The problem> Repeat the data that follows exactly, starting at the line with "Karl Lagerfeld Men's Short Sleeve T-Shirt" and ending at the line with "food, olives, oils, the", and leave out every picture.

Data>
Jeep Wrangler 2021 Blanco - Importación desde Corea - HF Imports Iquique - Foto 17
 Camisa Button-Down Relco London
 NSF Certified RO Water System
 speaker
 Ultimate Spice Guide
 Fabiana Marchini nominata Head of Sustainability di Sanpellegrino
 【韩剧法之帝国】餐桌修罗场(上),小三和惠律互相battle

---

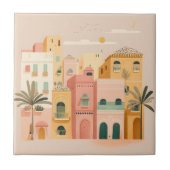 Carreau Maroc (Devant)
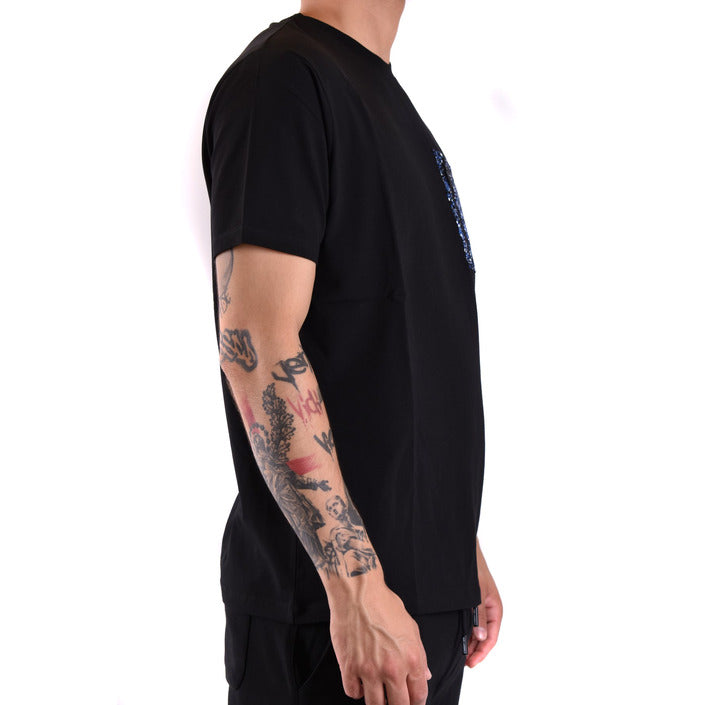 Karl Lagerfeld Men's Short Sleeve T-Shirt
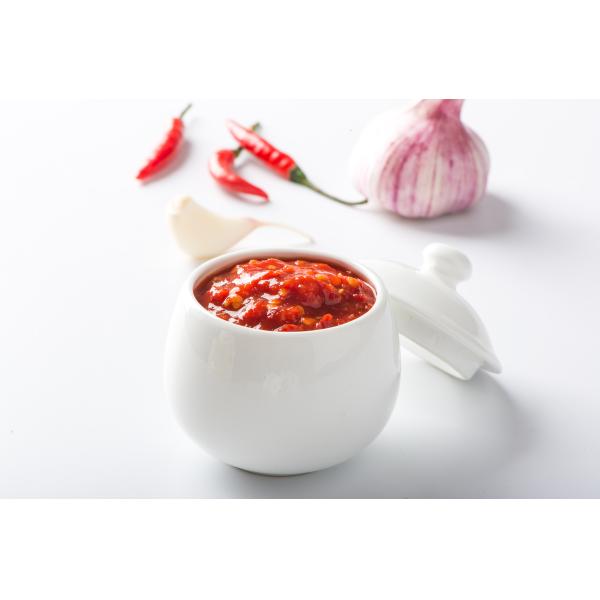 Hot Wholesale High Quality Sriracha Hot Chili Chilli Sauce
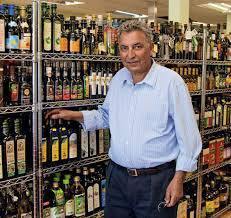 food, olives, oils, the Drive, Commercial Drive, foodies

Answer to this task>
 Karl Lagerfeld Men's Short Sleeve T-Shirt
 Hot Wholesale High Quality Sriracha Hot Chili Chilli Sauce
 food, olives, oils, the Drive, Commercial Drive, foodies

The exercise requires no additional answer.